Wing Yip Lau

Landslide Recognition and Prediction using Spaceborne Multispectral Data

Wing Yip Lau sq
University of NSW
Supervisor (Academic)
A/Prof Linlin Ge, University of NSW
Supervisor (Industry)
Hemayat Hussain, Vic Dept Primary Industries
Intergraph, Hong Kong
Thesis Abstract

Landslides are severe environmental hazards in mountainous areas. Nowadays, the threat of landslides to public safety has become more pronounced resulting from the burgeoning development and the increase of deforestation in hilly areas, and the increase of regional precipitation caused by global climate change.

Traditional landslide risk assessment requires immense physical power to assemble different in-situ data, such as identification of landslide location and land-cover classification. This traditional data collection technique is very time consuming, and thus impossible to be applied for the large scale assessment. Remote sensing techniques, therefore, are the solutions for providing fast and up-to-date landslide assessments. This thesis focuses on the applications of multispectral Landsat data for landslide recognition. Wollongong of Australia was chosen as a test bed for this analysis.

For landslide recognition analysis, three change detection techniques were employed, which were image differencing, bi-temporal linear data transformation and post-classification comparison. For the first two change detection methods, a new landslide identification procedure was developed by integrating surface change information of greenness, brightness and wetness. During the image differencing, the three surface change components were derived from Vegetation Indices (VIs), in which four different surface change composites were generated. Each composite contained three surface change bands which were greenness, brightness and wetness.

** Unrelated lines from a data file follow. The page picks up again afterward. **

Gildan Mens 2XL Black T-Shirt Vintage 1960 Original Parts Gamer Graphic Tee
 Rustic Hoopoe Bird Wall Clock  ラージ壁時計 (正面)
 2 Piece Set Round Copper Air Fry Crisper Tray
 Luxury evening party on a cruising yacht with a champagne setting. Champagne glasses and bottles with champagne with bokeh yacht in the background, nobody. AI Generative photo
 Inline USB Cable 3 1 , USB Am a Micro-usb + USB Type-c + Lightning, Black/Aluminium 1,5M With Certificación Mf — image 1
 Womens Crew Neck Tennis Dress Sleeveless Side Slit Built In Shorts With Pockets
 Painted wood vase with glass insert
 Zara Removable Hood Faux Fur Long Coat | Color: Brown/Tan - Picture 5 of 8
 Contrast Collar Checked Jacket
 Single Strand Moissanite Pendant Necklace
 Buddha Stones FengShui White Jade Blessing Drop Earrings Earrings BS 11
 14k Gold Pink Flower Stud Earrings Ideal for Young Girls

For bi-temporal linear data transformation, multitemporal Kauth-Thomas (MKT) transformation was adopted for providing the three types of surface change information.

In the landslide recognition analysis, the best mapping performance is yielded by the image differencing method using brightness and wetness components of Kauth-Thomas transformation and NDVI. Its omission error (i.e. percentage of actual landslide pixels which were not detected) and commission error (i.e. percentage of change pixels identified which were not landslide) are 14.4% and 3.3%, respectively, with a strong agreement (KHAT = 88.8%).